(Problem to work on):
Please take the records that follow and repeat exactly the lines starting with the line with "Green-Interior key clip" and going on through the line with "Tidal Potomac River Pro Series Gmco Maps".

============================================================

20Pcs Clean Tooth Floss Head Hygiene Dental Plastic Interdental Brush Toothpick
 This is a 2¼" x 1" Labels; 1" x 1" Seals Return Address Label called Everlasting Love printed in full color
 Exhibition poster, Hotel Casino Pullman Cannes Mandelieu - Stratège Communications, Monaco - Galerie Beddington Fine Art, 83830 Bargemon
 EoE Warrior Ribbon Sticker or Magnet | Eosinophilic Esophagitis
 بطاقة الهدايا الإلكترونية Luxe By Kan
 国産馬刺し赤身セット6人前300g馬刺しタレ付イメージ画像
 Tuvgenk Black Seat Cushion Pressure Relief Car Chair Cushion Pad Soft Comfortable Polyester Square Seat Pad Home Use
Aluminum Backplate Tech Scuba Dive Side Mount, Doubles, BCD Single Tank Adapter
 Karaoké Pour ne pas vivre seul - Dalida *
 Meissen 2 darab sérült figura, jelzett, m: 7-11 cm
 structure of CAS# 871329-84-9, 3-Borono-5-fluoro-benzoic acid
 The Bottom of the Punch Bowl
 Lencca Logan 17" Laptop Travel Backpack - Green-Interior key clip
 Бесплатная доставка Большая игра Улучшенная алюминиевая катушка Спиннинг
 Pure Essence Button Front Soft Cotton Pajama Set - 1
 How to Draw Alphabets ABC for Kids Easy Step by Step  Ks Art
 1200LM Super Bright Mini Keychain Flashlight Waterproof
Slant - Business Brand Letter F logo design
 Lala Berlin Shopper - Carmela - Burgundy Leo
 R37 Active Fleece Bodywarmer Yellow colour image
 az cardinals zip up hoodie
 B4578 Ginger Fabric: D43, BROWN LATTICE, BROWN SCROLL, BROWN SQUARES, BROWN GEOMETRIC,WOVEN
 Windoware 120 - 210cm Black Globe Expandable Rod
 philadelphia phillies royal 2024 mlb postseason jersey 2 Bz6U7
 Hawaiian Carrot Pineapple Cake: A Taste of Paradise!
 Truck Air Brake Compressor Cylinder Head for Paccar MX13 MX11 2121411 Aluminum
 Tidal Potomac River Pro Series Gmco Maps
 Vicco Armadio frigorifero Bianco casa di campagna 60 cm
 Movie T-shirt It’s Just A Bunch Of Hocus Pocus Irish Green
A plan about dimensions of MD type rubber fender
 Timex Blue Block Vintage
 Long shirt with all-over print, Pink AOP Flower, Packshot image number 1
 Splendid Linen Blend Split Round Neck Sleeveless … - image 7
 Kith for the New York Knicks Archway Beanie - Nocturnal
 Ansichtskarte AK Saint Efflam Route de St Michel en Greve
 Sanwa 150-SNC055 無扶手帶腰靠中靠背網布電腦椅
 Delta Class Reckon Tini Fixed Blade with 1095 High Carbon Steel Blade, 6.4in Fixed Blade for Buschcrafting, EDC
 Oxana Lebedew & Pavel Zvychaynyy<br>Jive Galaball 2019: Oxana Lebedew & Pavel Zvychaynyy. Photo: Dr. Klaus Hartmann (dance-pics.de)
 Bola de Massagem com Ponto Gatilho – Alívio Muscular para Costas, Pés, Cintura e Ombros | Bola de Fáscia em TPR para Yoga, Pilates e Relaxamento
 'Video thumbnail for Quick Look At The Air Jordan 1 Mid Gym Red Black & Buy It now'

============================================================

(Solution for this task):
 Lencca Logan 17" Laptop Travel Backpack - Green-Interior key clip
 Бесплатная доставка Большая игра Улучшенная алюминиевая катушка Спиннинг
 Pure Essence Button Front Soft Cotton Pajama Set - 1
 How to Draw Alphabets ABC for Kids Easy Step by Step  Ks Art
 1200LM Super Bright Mini Keychain Flashlight Waterproof
Slant - Business Brand Letter F logo design
 Lala Berlin Shopper - Carmela - Burgundy Leo
 R37 Active Fleece Bodywarmer Yellow colour image
 az cardinals zip up hoodie
 B4578 Ginger Fabric: D43, BROWN LATTICE, BROWN SCROLL, BROWN SQUARES, BROWN GEOMETRIC,WOVEN
 Windoware 120 - 210cm Black Globe Expandable Rod
 philadelphia phillies royal 2024 mlb postseason jersey 2 Bz6U7
 Hawaiian Carrot Pineapple Cake: A Taste of Paradise!
 Truck Air Brake Compressor Cylinder Head for Paccar MX13 MX11 2121411 Aluminum
 Tidal Potomac River Pro Series Gmco Maps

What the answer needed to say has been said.